Georgia Settles NVRA Section 7 Voter Registration Suit


Citing a decline in the number of persons registering to vote at Georgia public assistance offices since the NVRA first took effect in the mid-1990s, a coalition including Project Vote and the NAACP sued the state, alleging widespread violations of Section 7 of the National Voter Registration Act. 


 


Morris News Service reports:


 


Georgia officials announced Thursday that they have settled a lawsuit charging that welfare applicants weren’t given access to voter-registration materials as required by federal law. But Secretary of State Brian Kemp isn’t happy about it. His office issued a statement headlined “Secretary of State Kemp condemns U.S. Department of Justice-Acorn coordination behind ludicrous voter-registration lawsuit.”

The ACORN-affiliated Project Vote filed the suit along with the Georgia State Conference of the National Association for the Advancement of Colored People and the Coalition for the Peoples’ Agenda and others. It accused the state of failing to supply voter-registration forms every time a person applies for welfare or re-certifies eligibility or changes an address, either in person, by telephone or over the Internet.


In the settlement, Kemp agreed to ensure the Department of Human Services offers the forms and will issue reports of how many go out to the coalition that sued.


 


The Weekly adds:


 


The DOJ filed a “statement of interest” in the case, indicating that the agency agreed with the plaintiffs’ position. Interestingly, documents show that the DOJ has recently coordinated similar lawsuits with Project Vote in Missouri, Ohio, Indiana, New Mexico, Rhode Island and Louisiana.


 


and quotes Secretary Kemp:


 


“The court’s decision to ignore the NVRA’s notice requirements and expand the scope of the law will cost Georgia taxpayers hundreds of thousands of dollars to comply with outdated and unneeded federal voter registration mandates and in attorney’s fees paid to venue-shopping interest groups. Despite allegations of widespread violations by DHS, it is apparent that this was not a lawsuit aimed at promoting increased voter registration as seen by the more than 5.8 million registered voters in the state as of April 1st [almost 80% of Georgia’s Voting Age Population of 7.3 million]. 

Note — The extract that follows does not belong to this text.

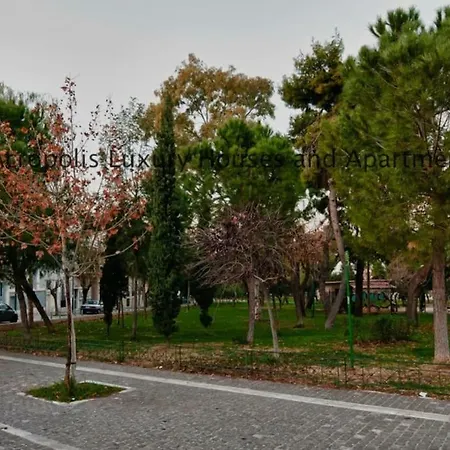 Acropolis Luxury House *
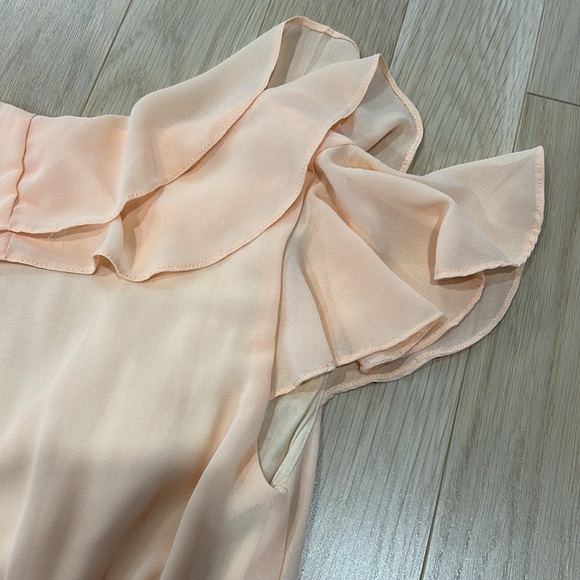 Peach mini dress with ruffles. Size small. Good condition - Picture 5 of 6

“The provisions of the NVRA at issue in this lawsuit are clearly being misconstrued by federal courts, as evidenced by this court’s actions and the decision this week by the 9th Circuit Court of Appeals that Arizona’s proof of citizenship requirement to register to vote violates the NVRA. Based on these decisions, it is clear that Congress should immediately reexamine and clarify the NVRA so states are no longer required to duplicate voter registration efforts, and allow states to ensure that only U.S. citizens can register to vote.”